(Short web captions)
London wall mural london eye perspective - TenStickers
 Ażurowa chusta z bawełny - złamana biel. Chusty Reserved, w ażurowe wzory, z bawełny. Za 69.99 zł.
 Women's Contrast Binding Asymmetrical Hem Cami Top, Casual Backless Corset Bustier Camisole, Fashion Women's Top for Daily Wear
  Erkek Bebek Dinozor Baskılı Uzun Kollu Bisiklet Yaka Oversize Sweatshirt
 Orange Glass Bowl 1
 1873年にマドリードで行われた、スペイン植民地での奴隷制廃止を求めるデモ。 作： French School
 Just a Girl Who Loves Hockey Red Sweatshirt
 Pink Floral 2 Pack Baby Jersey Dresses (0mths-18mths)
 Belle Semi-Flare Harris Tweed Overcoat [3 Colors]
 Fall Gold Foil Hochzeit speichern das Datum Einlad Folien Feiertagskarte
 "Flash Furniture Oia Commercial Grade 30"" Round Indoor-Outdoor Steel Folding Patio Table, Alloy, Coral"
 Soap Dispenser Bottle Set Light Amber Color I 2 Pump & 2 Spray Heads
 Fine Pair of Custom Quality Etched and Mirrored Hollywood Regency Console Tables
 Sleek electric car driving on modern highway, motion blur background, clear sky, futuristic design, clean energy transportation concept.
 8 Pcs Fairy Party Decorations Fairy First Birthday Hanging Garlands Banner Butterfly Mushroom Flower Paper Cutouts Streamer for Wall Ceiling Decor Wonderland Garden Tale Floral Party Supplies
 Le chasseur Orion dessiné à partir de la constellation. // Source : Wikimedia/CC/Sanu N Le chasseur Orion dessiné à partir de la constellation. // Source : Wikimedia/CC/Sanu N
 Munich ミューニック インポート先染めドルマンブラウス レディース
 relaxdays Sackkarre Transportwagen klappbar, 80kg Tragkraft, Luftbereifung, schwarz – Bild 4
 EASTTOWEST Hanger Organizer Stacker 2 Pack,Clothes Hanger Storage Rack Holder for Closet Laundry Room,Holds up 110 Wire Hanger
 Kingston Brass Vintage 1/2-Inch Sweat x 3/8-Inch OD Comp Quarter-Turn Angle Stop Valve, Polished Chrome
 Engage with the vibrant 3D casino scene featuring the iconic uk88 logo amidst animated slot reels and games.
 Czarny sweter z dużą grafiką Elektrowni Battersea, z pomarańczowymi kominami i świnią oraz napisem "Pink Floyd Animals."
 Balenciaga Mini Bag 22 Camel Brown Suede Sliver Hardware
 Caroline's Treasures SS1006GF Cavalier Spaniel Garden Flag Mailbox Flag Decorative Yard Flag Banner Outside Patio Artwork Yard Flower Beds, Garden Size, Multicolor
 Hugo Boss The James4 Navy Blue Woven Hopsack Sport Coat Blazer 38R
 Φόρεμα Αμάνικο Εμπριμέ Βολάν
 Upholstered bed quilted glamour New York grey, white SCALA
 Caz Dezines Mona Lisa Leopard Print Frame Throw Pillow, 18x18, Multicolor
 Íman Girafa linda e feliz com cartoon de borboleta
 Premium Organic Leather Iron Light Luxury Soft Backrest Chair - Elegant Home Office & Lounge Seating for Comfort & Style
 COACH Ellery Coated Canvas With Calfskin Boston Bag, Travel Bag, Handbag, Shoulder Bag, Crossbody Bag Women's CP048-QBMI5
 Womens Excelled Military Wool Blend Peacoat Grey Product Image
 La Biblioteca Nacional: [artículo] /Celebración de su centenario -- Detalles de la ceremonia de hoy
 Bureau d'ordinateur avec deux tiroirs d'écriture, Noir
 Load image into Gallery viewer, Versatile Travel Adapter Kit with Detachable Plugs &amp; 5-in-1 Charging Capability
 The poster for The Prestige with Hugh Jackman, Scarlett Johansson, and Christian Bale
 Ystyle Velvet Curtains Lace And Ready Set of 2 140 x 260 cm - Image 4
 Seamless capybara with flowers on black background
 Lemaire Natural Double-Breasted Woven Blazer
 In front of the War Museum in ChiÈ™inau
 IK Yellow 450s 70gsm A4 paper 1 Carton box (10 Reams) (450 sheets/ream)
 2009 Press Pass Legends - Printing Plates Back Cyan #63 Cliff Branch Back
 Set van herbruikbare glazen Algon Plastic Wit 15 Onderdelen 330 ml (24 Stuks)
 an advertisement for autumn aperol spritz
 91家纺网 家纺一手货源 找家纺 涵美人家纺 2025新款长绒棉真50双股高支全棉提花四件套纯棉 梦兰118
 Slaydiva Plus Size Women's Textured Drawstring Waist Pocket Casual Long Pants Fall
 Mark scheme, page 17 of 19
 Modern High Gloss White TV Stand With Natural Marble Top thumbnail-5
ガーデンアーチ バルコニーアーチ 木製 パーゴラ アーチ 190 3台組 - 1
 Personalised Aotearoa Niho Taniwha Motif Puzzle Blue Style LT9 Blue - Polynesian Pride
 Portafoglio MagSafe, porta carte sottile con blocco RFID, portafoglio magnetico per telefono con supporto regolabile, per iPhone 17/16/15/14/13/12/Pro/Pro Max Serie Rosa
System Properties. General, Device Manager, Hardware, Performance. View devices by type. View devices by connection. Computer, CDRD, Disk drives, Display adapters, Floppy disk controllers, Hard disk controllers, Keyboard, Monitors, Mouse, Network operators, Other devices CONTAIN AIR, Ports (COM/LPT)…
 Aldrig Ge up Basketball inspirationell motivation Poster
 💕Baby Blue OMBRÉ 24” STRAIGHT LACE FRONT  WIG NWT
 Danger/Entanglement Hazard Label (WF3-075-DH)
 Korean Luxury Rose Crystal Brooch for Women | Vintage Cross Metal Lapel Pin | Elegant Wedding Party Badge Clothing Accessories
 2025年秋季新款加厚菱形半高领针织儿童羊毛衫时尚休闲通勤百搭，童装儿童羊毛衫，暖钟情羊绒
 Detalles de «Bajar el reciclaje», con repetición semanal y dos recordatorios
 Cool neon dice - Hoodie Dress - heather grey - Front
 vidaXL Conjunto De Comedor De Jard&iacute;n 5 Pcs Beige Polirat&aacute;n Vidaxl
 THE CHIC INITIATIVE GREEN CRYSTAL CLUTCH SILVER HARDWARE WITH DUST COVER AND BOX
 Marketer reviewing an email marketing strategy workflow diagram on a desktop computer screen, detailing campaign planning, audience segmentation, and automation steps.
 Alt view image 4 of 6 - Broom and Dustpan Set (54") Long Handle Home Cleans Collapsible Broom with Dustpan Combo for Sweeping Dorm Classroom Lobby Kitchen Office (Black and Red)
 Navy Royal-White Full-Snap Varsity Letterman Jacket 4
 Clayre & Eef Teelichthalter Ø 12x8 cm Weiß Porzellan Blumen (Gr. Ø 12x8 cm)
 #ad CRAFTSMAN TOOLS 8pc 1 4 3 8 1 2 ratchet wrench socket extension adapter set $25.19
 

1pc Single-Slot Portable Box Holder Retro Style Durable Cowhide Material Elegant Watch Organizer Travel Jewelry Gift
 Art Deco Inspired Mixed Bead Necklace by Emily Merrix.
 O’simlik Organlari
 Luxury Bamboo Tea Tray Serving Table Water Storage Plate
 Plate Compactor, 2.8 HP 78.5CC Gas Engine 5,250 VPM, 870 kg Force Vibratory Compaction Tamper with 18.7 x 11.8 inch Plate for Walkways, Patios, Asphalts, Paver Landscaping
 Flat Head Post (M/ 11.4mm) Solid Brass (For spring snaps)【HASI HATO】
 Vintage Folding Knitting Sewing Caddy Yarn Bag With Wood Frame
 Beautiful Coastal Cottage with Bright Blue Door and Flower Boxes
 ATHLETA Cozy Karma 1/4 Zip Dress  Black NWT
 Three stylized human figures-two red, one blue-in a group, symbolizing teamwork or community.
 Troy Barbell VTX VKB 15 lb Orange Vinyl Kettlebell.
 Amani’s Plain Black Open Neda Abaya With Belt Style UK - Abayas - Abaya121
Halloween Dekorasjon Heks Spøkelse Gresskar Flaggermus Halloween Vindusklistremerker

> [YOUR GOAL] Wherever a line in the data above holds "Pink", copy that line.

> [EXERCISE RESULT]
 Pink Floral 2 Pack Baby Jersey Dresses (0mths-18mths)
 Czarny sweter z dużą grafiką Elektrowni Battersea, z pomarańczowymi kominami i świnią oraz napisem "Pink Floyd Animals."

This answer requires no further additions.